◆ **DATASET RECORDS**:
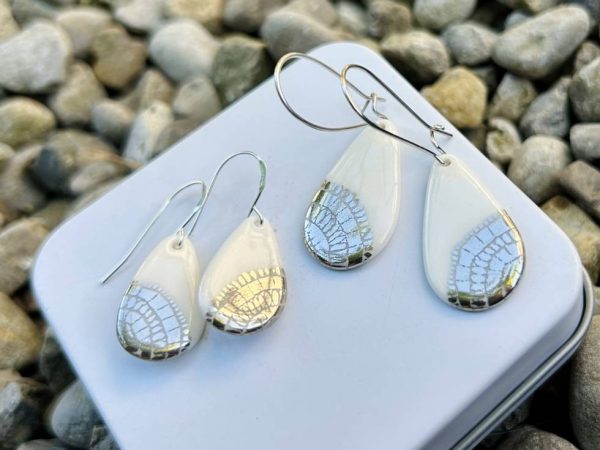 Silver Lace Dangle earrings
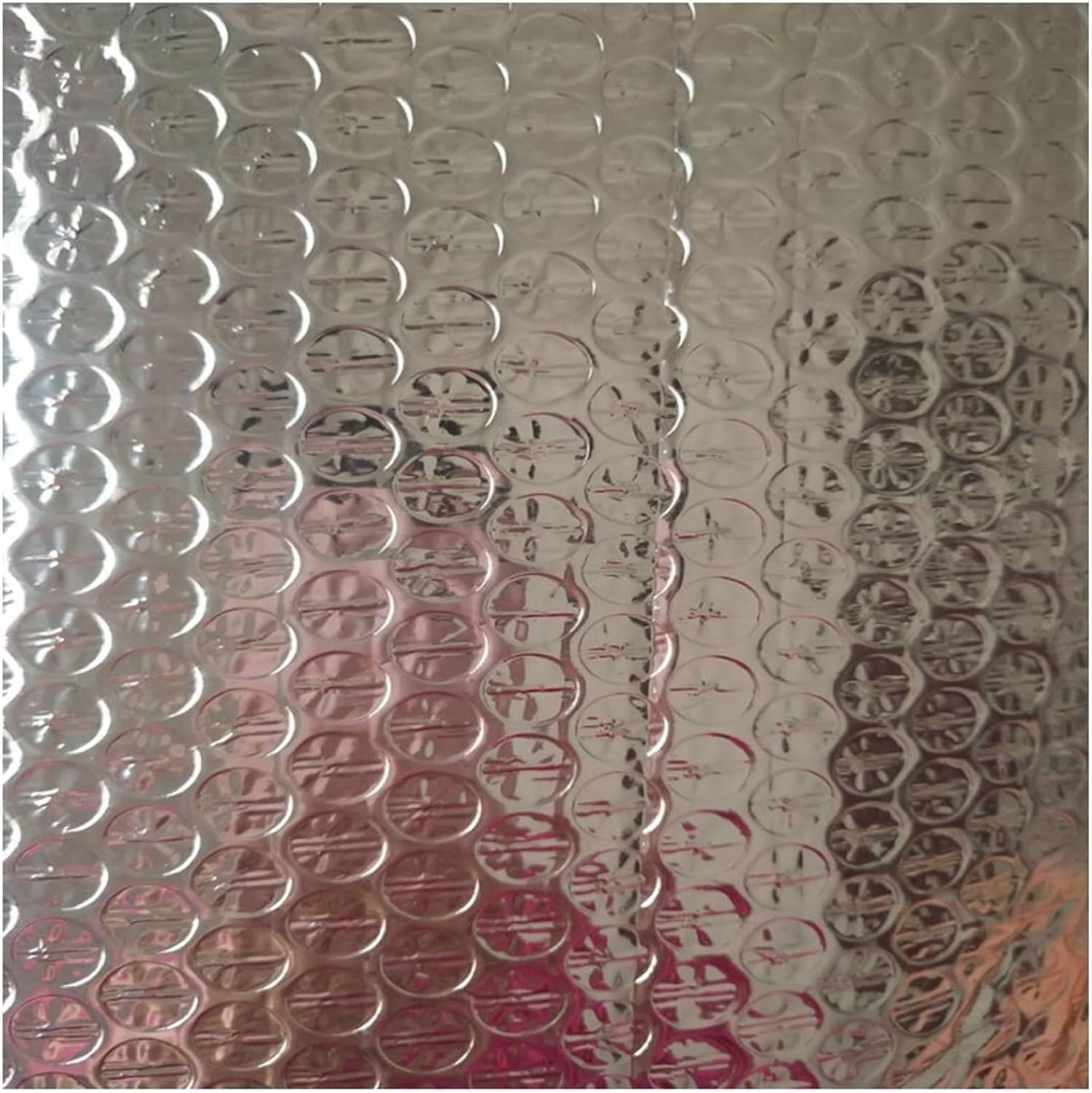 Thermal Insulation Foil Moisture Barrier Double Bubble Aluminium Foil Thermal Insulation Bubble Foil Roofing(15m)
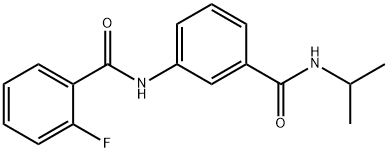 2-fluoro-N-{3-[(isopropylamino)carbonyl]phenyl}benzamide Structure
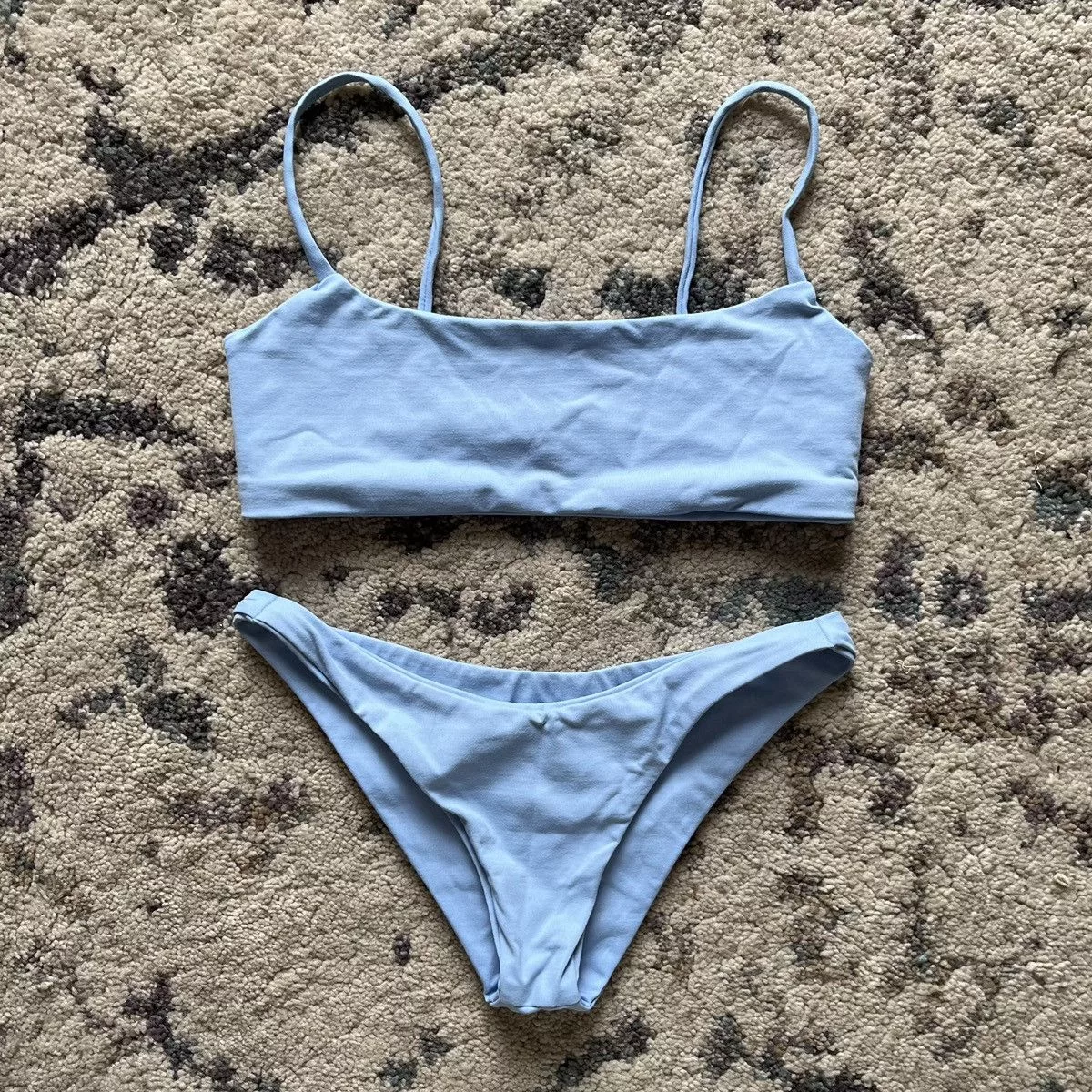 Vintage Tank Tops Vintage Blue Bikini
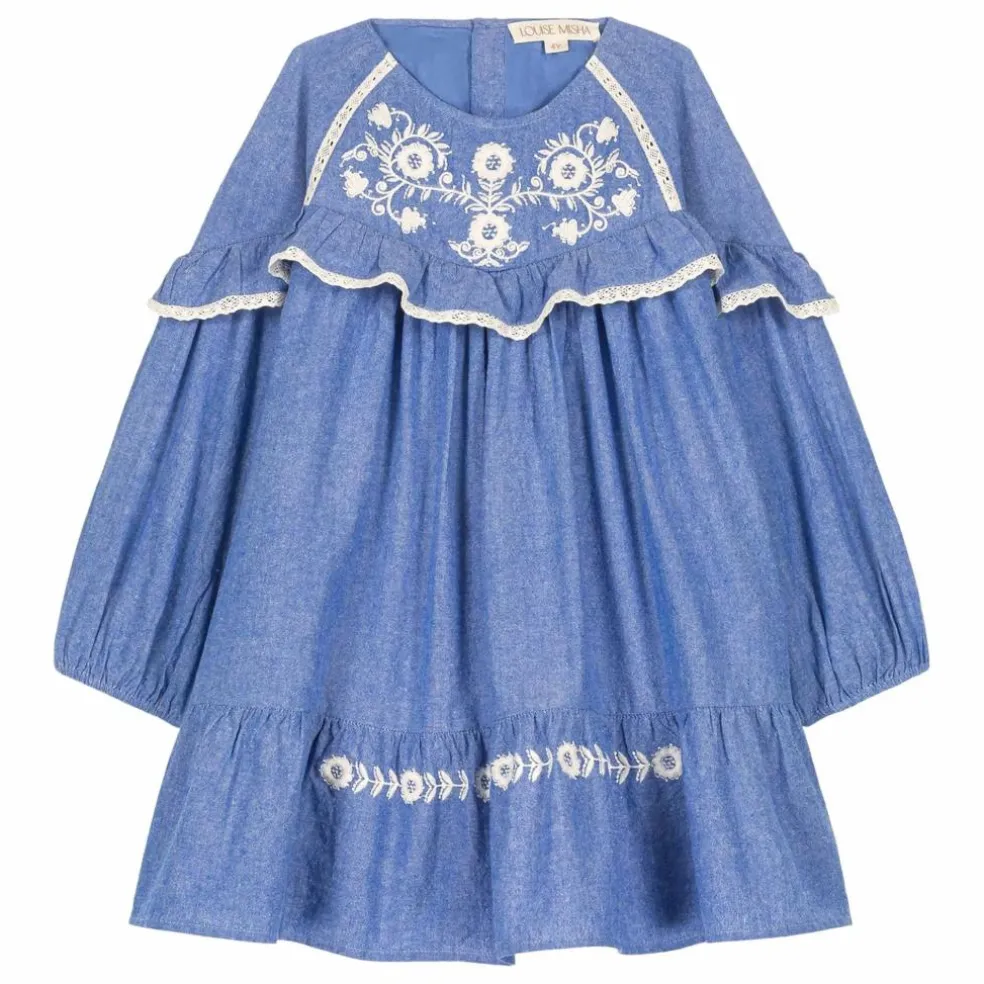 Robe Orana Coton Bio | Bleu jean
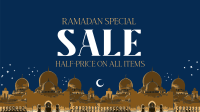Celebrating Ramadan Sale Facebook Event Cover Design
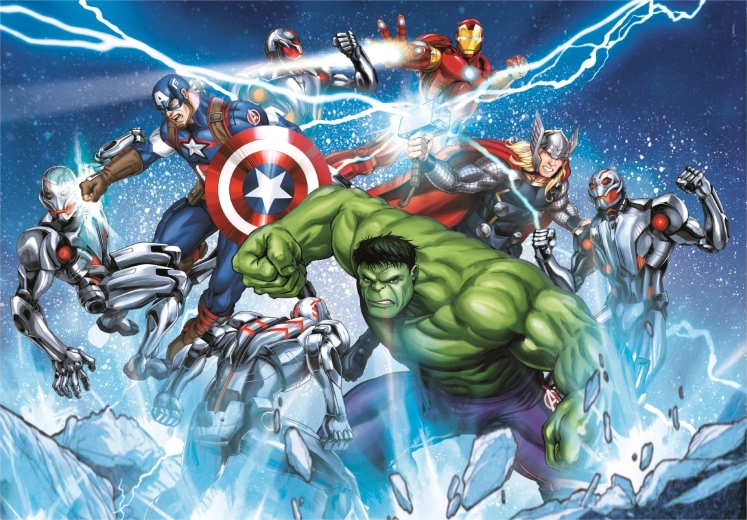 CLEMENTONI Puzzle Marvel: Avengers 104 piese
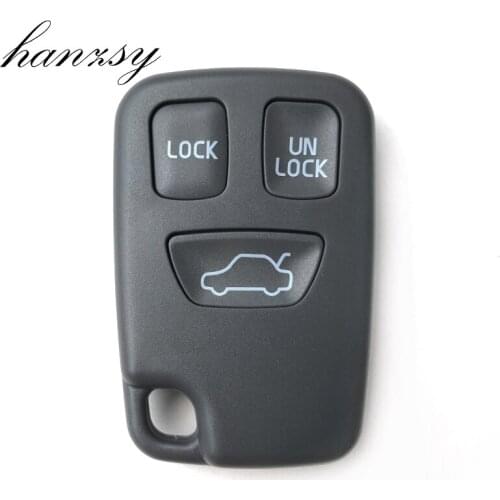 3 Buttons Car Key Shell For VOLVO S70 V70 C70 S40 V40 98-05 Replacement Remote Key Case Cover blank Fob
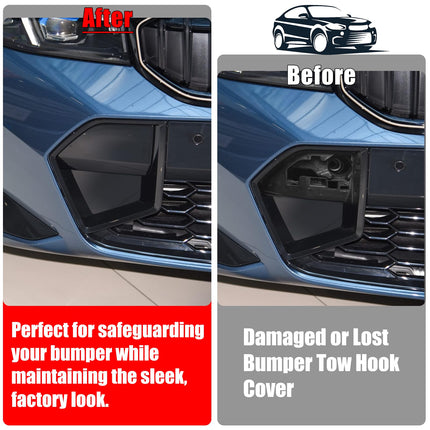 For BMW G20 LCI Tow Hook Cover 2023-2025 | Right Front Bumper Cap 51118085456 (Painted Black)| Jaronx
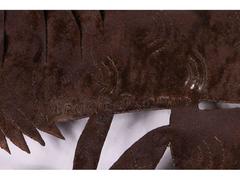 Haitian Iron Sculpture Depicting a Lion Signed Bruno Paulahid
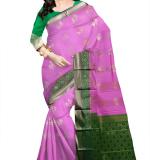 Bollywood Art Silk Saree  (Purple)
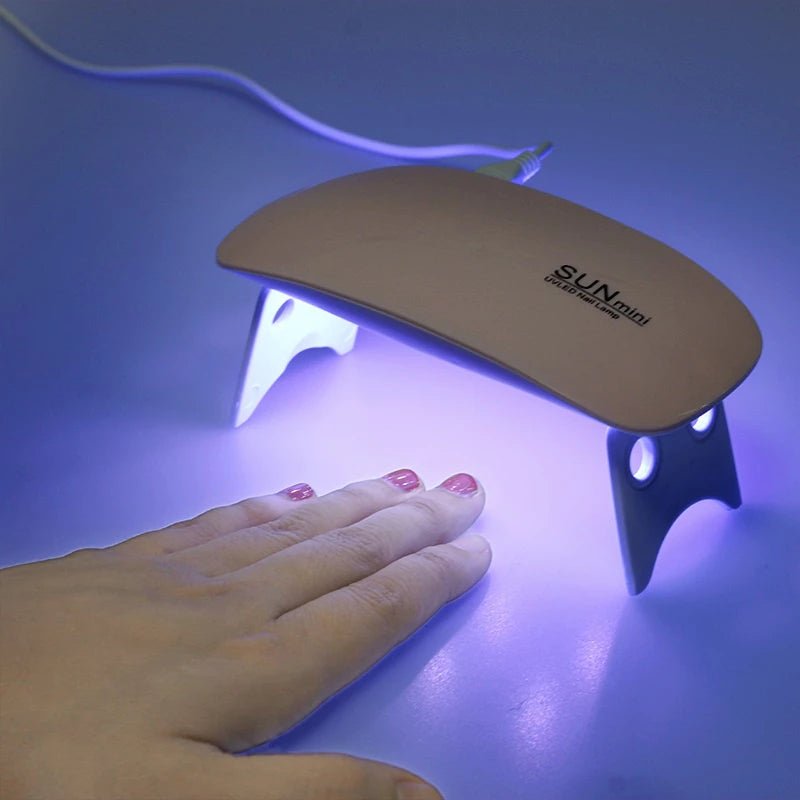 Mini Cabine LED UV Sun Mini – Suas Unhas, Perfeitas em Qualquer Lugar - Achei na Lojinha
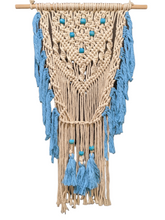 Load image into Gallery viewer, "Betty" Handwoven Macramé Hanging Wall Art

◆ **WORK REQUEST**:
Setting the pictures aside, return exactly the lines from the line with "Bollywood Art Silk" through the last line of the listing above.

◆ **ANSWER TO THIS EXERCISE**:
 Bollywood Art Silk Saree  (Purple)
 Mini Cabine LED UV Sun Mini – Suas Unhas, Perfeitas em Qualquer Lugar - Achei na Lojinha
 Load image into Gallery viewer, "Betty" Handwoven Macramé Hanging Wall Art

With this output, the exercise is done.